#### [TRY IT]
Look through the listing below for the line with "La Forge Villa Sainpuits Dış mekan fotoğraf" and the line with "Gọi Ta Là Quỷ". Copy both, along with every line between them, exactly and with no pictures.

Top of MATERIAL PROVIDED

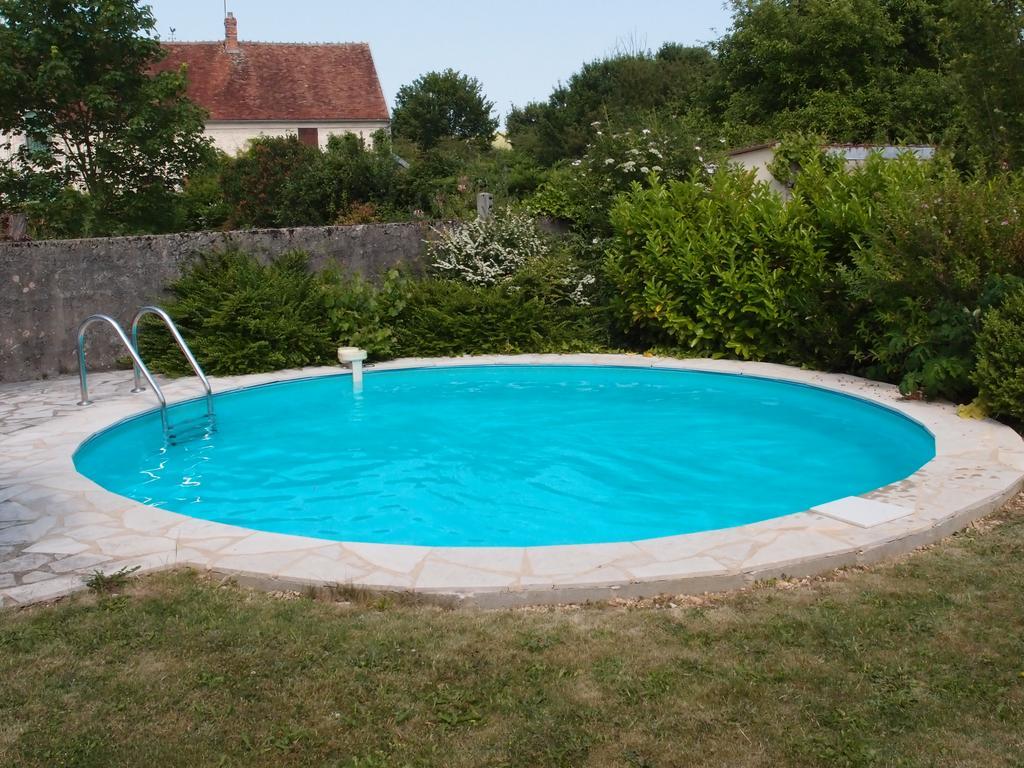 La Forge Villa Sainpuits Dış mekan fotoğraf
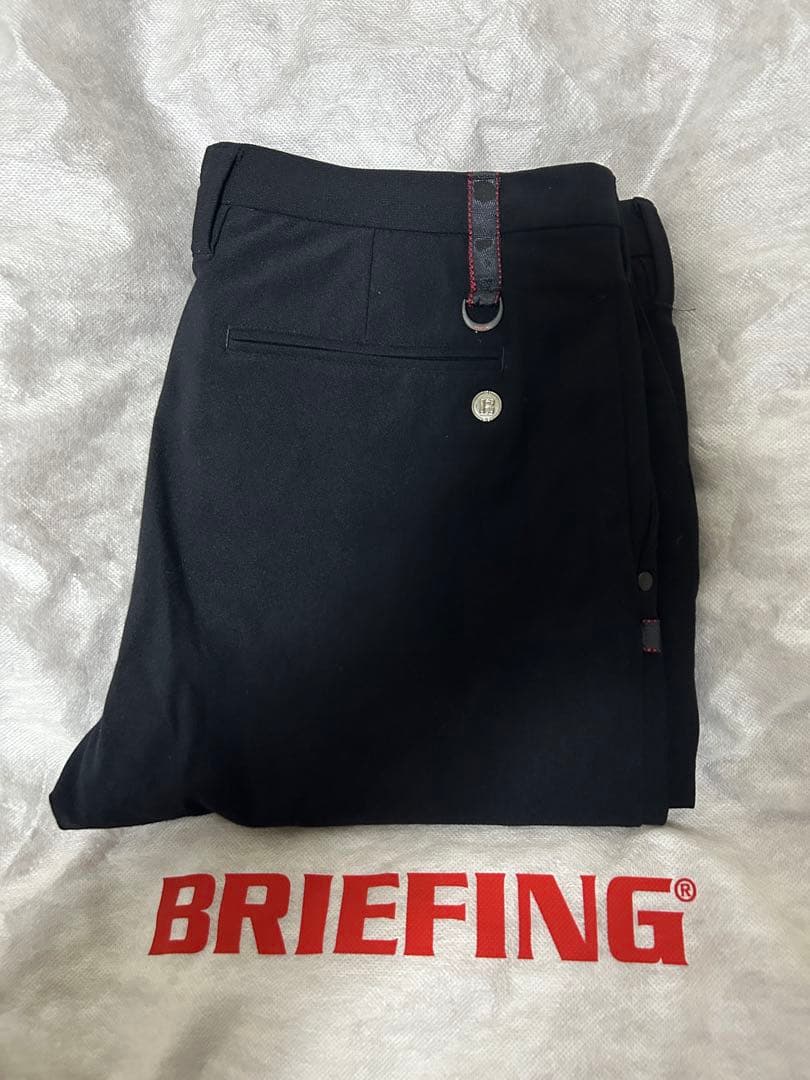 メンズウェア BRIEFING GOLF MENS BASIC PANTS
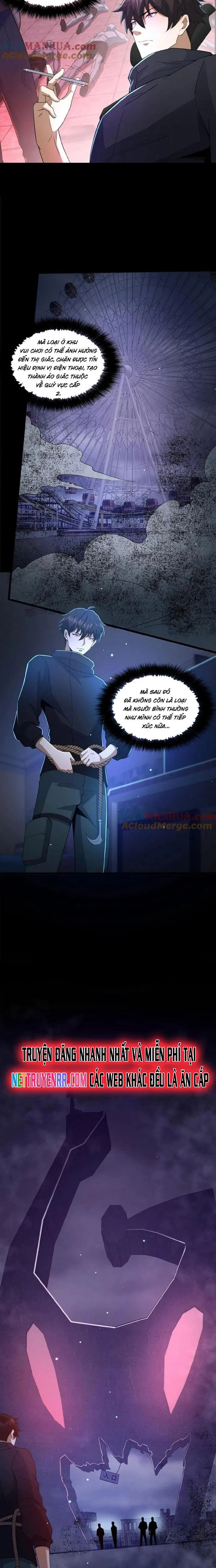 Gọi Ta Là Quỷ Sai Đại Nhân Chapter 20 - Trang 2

Bottom of MATERIAL PROVIDED
Top of MATERIAL PROVIDED

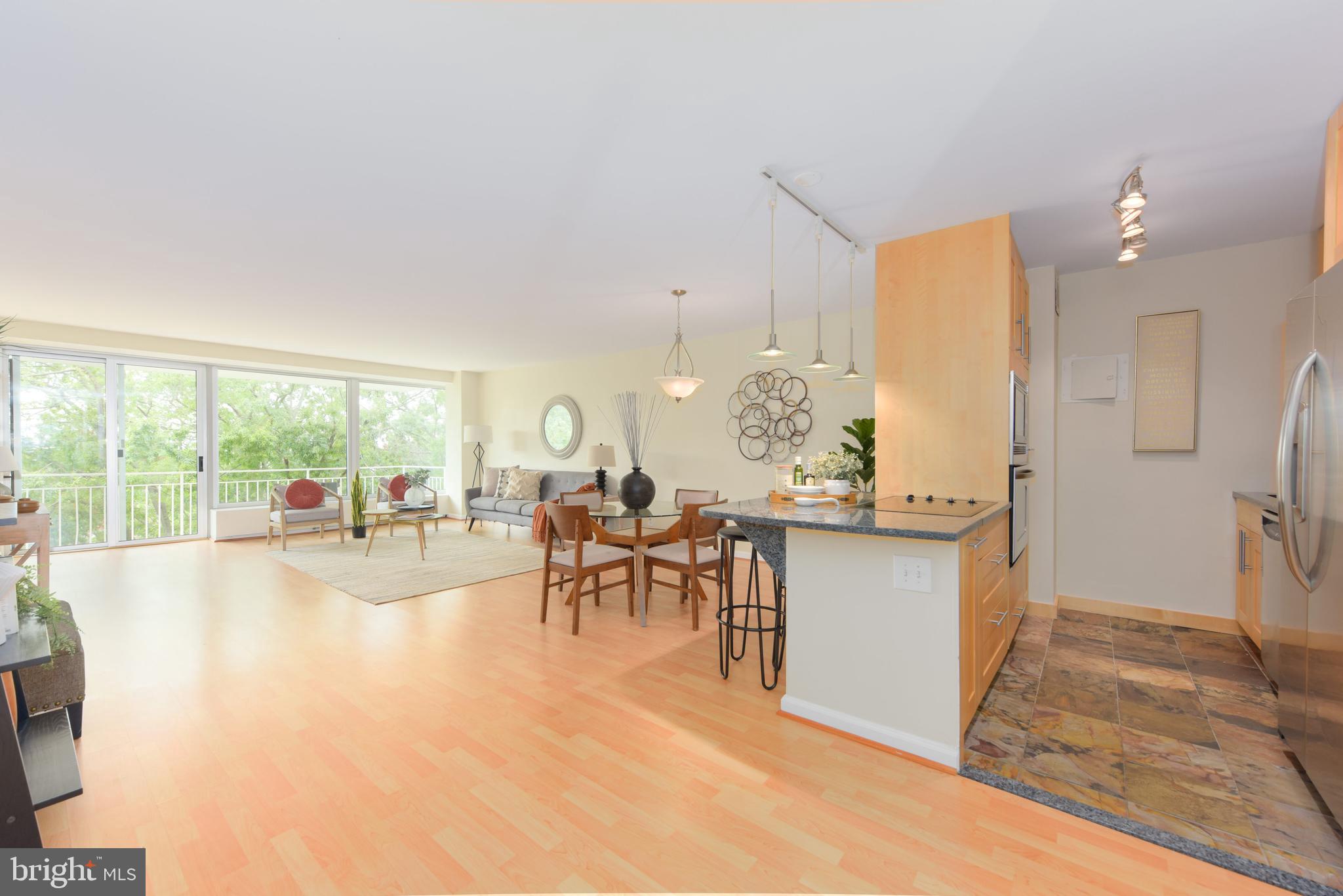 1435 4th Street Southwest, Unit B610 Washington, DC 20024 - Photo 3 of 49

Bottom of MATERIAL PROVIDED

#### [RESULT FOR THIS TASK]
 La Forge Villa Sainpuits Dış mekan fotoğraf
 メンズウェア BRIEFING GOLF MENS BASIC PANTS
 Gọi Ta Là Quỷ Sai Đại Nhân Chapter 20 - Trang 2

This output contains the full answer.